Editorial Commentaries

LA419, a Novel Nitric Oxide Donor, Prevents Cardiac Remodeling Via the Endothelial Nitric Oxide Synthase Pathway

NO Donors as a Means of Antiremodeling

Ludovit Paulis; Fedor Simko

From the Department of Pathophysiology (L.P., F.S.), School of Medicine, Comenius University, Bratislava, Slovak Republic; Institute of Normal and Pathological Physiology (L.P.), Slovak Academy of Sciences, Bratislava, Slovak Republic; and the 3rd Clinic of Medicine (F.S.), School of Medicine, Comenius University, Bratislava, Slovak Republic.

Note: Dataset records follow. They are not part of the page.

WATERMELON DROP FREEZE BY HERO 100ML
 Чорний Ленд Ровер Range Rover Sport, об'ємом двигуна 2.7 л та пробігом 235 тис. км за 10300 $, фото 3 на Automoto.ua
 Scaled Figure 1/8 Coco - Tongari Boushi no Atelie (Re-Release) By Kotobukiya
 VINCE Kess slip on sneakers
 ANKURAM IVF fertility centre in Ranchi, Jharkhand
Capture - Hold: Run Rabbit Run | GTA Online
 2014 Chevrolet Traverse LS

Correspondence to Ludovit Paulis, Institute of Pathophysiology, School of Medicine, Comenius University, Sasinkova 4, 811 08 Bratislava, Slovak Republic. E-mail ludo@lfuk.sk

An extract of the first 250 words of the full text is provided, because this article has no abstract.

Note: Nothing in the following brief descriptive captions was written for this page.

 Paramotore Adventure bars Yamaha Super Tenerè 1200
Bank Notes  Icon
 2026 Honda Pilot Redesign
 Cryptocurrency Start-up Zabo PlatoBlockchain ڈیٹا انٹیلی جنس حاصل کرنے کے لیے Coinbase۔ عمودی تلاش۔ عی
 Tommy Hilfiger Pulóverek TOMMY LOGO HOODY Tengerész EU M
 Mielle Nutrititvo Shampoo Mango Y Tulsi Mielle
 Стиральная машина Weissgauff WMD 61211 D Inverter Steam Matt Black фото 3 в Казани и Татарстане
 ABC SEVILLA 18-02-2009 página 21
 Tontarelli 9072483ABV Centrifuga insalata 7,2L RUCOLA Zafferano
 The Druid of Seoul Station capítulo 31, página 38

The discovery of NO as the endothelium-derived relaxing factor unleashed new horizons. NO is a ubiquitous radical exerting both hemodynamic and tissue growth–modifying effects. The vasodilative and antiproliferative properties of NO produced by endothelial NO synthase are considered to act beneficially within the cardiovascular system. However, under certain circumstances, the inducible NO synthase produces large quantities of NO that may be harmful.¹ Most NO effects can be attributed to the activation of soluble guanylate cyclase and the subsequent cascade of events including enhanced cGMP concentration, activation of cGMP-dependent kinase-1, and reduced intracellular calcium levels in target cells. NO acts as a principal regulator of vascular function. Venodilatation and arterial relaxation result in a decrease of left ventricular pressure and chamber size, leading to attenuation of oxygen consumption. NO dilates epicardial coronary arteries, enhances collateral flow, and inhibits platelet aggregation. Moreover, NO was shown to inhibit collagen synthesis and to reduce cardiomyocyte growth. NO, thus, represents an opposing force to vasoconstrictors and growth-promoting substances, such as angiotensin II and endothelin.

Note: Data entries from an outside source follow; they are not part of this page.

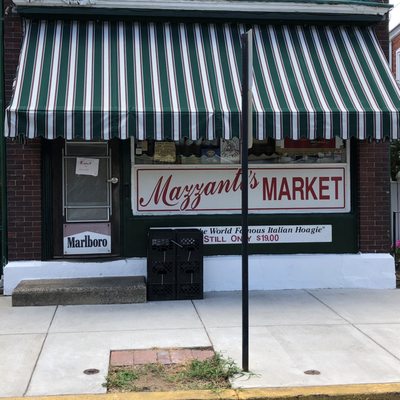 Mazzanti's Market by null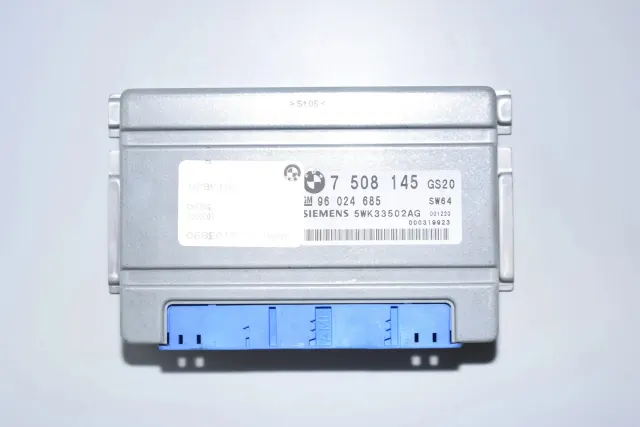 Gearbox Control Unit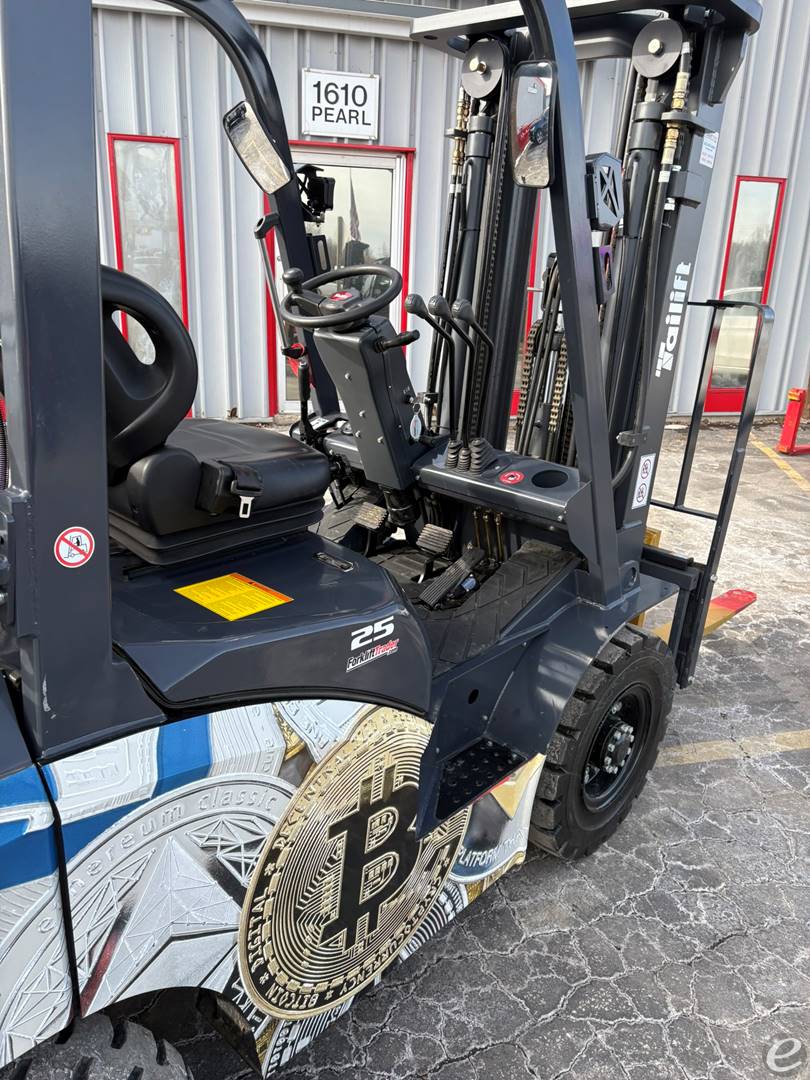2025 Tailift PFG25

The depression of NO signaling, including downregulated expression and attenuated enzymatic activity of NO synthase and scavenging of NO by oxygen-derived free radicals, seems to be a principal disorder in endothelial dysfunction. NO deficiency is, therefore, related to many cardiovascular pathologies, such as coronary atherosclerosis with myocardial ischemia, arterial hypertension with left ventricular hypertrophy, or heart failure. It is obvious that NO plays an important role in the circulatory physiology.

Nevertheless, the impact of therapeutically increased NO bioactivity on cardiovascular morbidity . . . [Full Text of this Article]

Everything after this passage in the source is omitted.